_INPUT DATA_.

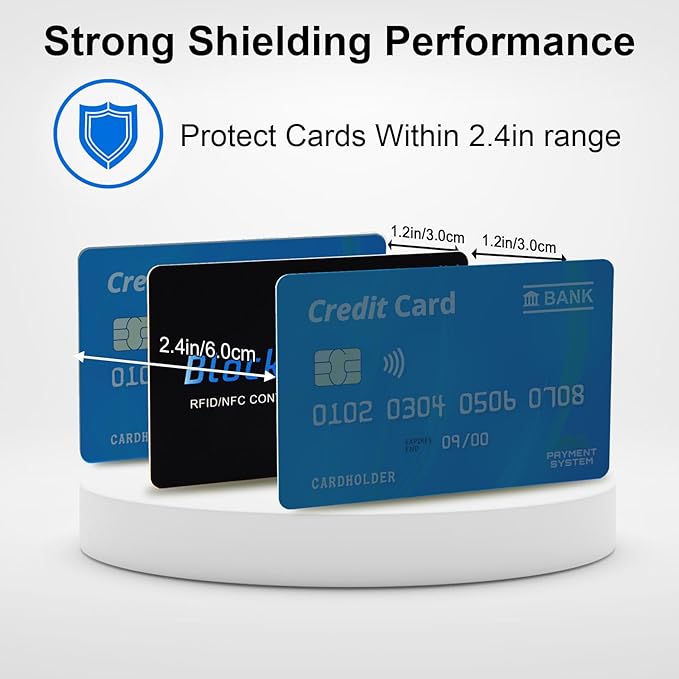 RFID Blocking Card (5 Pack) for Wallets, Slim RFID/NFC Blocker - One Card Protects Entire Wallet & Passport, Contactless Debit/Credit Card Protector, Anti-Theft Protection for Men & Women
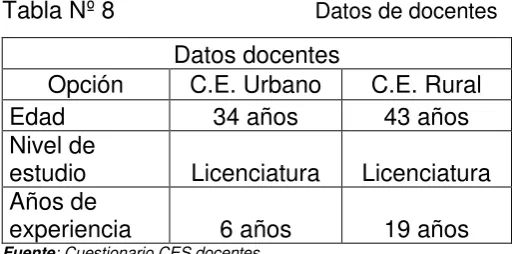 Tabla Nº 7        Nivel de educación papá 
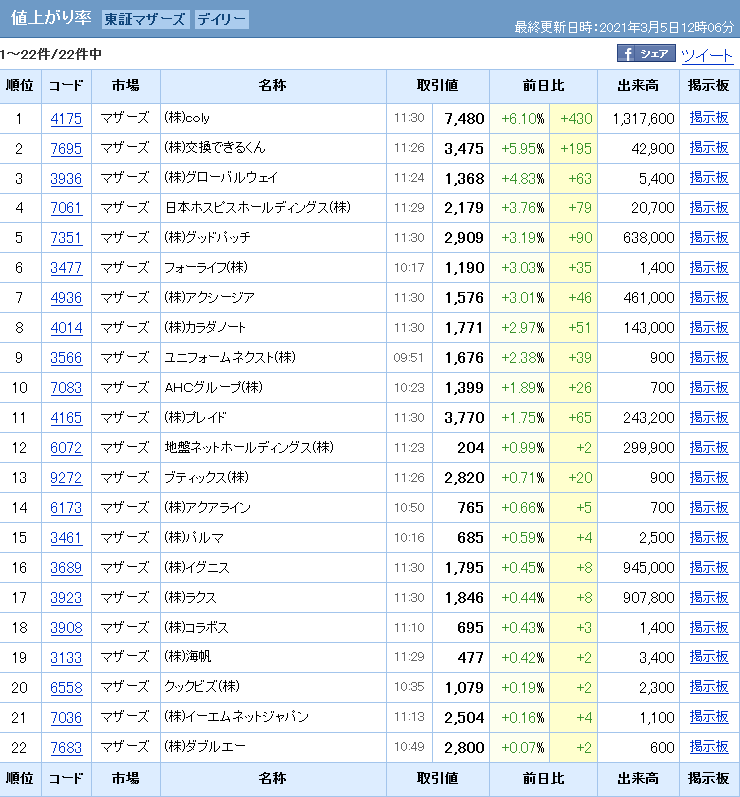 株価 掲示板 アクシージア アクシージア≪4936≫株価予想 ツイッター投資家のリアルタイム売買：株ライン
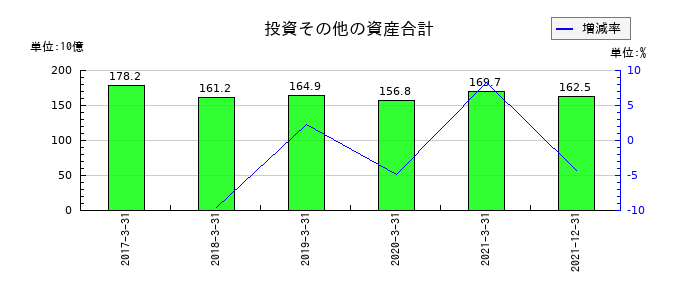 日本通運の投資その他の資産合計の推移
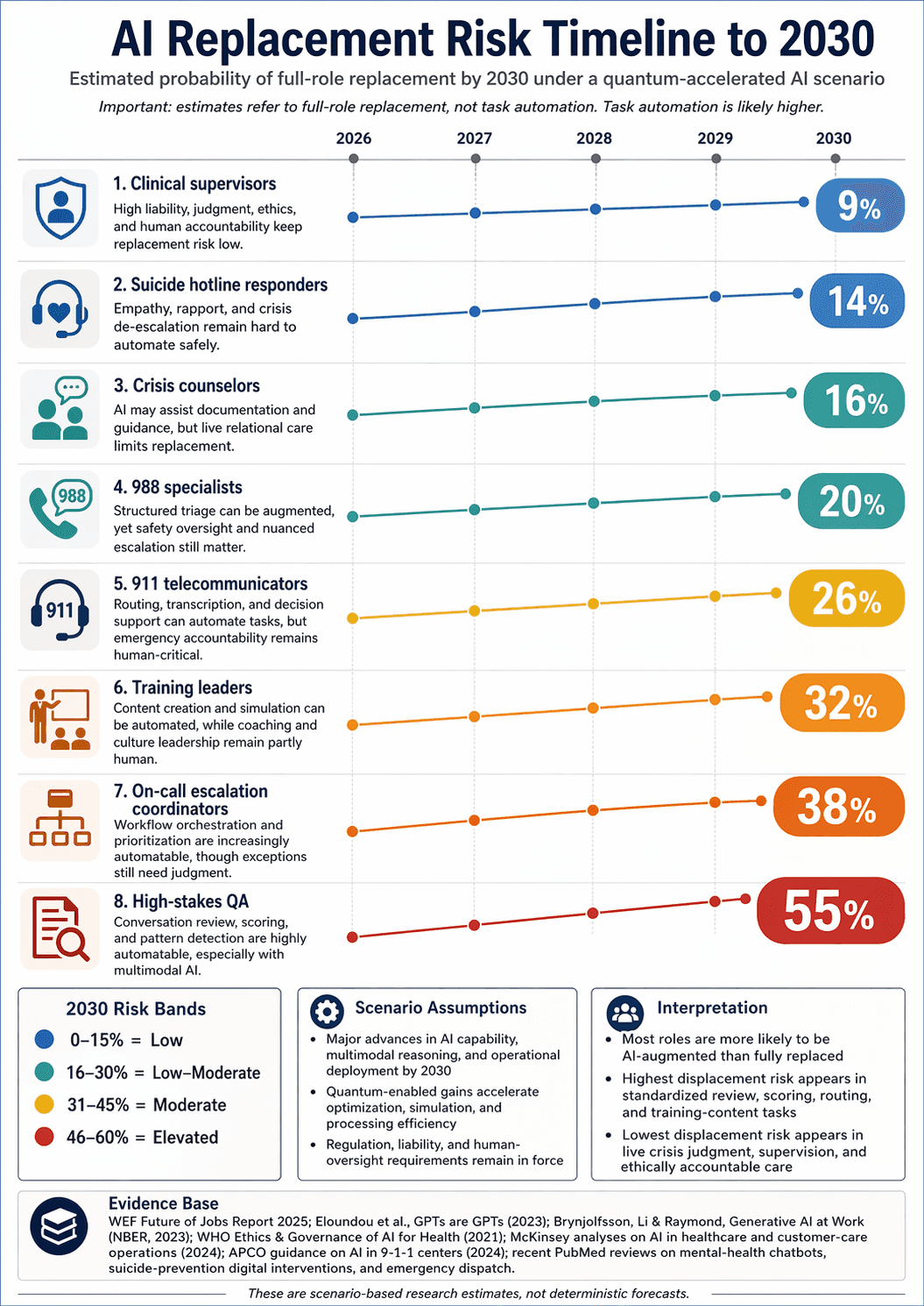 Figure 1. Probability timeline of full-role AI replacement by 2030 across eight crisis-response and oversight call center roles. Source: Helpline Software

_WORK TASK_. Once the line containing "株価 掲示板 アクシージア" is found, write out exactly that line and each line after it through the end of the entries, omitting pictures.

_WRITTEN RESPONSE_.
 株価 掲示板 アクシージア アクシージア≪4936≫株価予想 ツイッター投資家のリアルタイム売買：株ライン
 日本通運の投資その他の資産合計の推移
 Figure 1. Probability timeline of full-role AI replacement by 2030 across eight crisis-response and oversight call center roles. Source: Helpline Software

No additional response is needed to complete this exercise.